- Born: Tennessee, United States
- Died: 1857 Portland, Oregon, United States
- Occupation: Pioneer settler
- Spouse: Joe Thomas
- Children: Finice Caruthers

= Elizabeth Caruthers =

Elizabeth Caruthers was a pioneer settler in Portland in Oregon Country. Born in Tennessee, she married Joe Thomas in 1816, and the couple had one son, Finice. The Thomases separated early, and many years later Caruthers and her son re-located to Portland, settling near the Willamette River in 1847.

Filing claims under the Donation Land Claim Act of 1850, the mother and son acquired 320 acre each and built a house in what later became known as the South Portland neighborhood. In 1855, Caruthers, her son, and James Terwilliger deeded 10 acre of land to the city for a cemetery.

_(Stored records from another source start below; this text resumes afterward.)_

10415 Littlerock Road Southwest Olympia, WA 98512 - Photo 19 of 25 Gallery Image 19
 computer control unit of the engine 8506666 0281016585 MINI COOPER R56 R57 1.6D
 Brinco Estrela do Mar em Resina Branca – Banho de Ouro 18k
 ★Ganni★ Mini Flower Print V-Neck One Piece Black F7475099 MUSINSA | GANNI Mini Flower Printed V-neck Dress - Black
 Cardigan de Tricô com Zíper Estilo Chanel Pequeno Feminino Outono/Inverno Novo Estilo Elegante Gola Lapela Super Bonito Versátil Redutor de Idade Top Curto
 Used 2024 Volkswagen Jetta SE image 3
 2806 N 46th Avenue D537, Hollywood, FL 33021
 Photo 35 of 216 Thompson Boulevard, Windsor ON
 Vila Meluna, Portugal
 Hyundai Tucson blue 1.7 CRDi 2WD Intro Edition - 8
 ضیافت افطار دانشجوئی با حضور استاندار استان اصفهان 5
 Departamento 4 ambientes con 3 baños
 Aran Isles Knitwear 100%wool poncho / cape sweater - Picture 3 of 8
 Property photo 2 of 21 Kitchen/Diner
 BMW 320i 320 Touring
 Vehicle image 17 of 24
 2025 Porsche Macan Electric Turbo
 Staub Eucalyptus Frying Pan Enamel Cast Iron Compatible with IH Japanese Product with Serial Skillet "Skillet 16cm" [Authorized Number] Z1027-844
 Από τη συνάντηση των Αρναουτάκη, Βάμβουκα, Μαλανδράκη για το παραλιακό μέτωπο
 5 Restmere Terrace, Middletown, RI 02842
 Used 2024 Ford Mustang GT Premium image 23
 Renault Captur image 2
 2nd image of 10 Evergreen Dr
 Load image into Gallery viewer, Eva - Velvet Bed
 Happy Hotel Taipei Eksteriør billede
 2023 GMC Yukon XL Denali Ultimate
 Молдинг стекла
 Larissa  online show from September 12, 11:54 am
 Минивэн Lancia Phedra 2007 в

A stream flowing down Marquam Gulch through the Caruthers' property and into the river came to be known as Caruthers Creek. In 1856, Finice Caruthers and Stephen Coffin, doing business as the Pioneer Water Works, began providing water from the creek to lower downtown Portland through rudimentary pipes made from fir logs. This was the first formal water system in the city, otherwise supplied only by private wells, which were becoming increasingly endangered by pollution as the city grew.

Questions about ownership of the Caruthers' land arose soon after Finice Caruthers died in 1860. Elizabeth Thomas Caruthers, who had generally relied on her maiden name after her split with Joe Thomas, had nevertheless filed her land claim as Elizabeth Thomas. She told people that although married to Thomas, she believed he had died in 1821. In 1857, when Elizabeth died, Finice inherited her claim. When he died three years later, he left no will, and he had no immediate family.

Subsequent legal proceedings led to various claims on the Caruthers' land. One of them involved the assertion that women had no legal right to property acquired via the Donation Land Claim Act. However, in 1868, the U.S. Supreme Court resolved the issue, ruling that under the Land Claim Act a woman, whether married or not, had the same property rights as a man.

Others who wanted to acquire the Caruthers' properties looked for the supposedly dead Joe Thomas, and in 1872 they persuaded a court that they had found him. During legal proceedings that followed, the parties involved agreed to a compromise. An entity called the South Portland Real Estate Association acquired all the claims to the land and eventually sold the property to financier Henry Villard.

In 2009, the City of Portland established Elizabeth Caruthers Park on 2.12 acre of land in the South Portland neighborhood. In addition to the park and the creek, SW Caruthers Street and SE Caruthers Street are named for Elizabeth and Finice.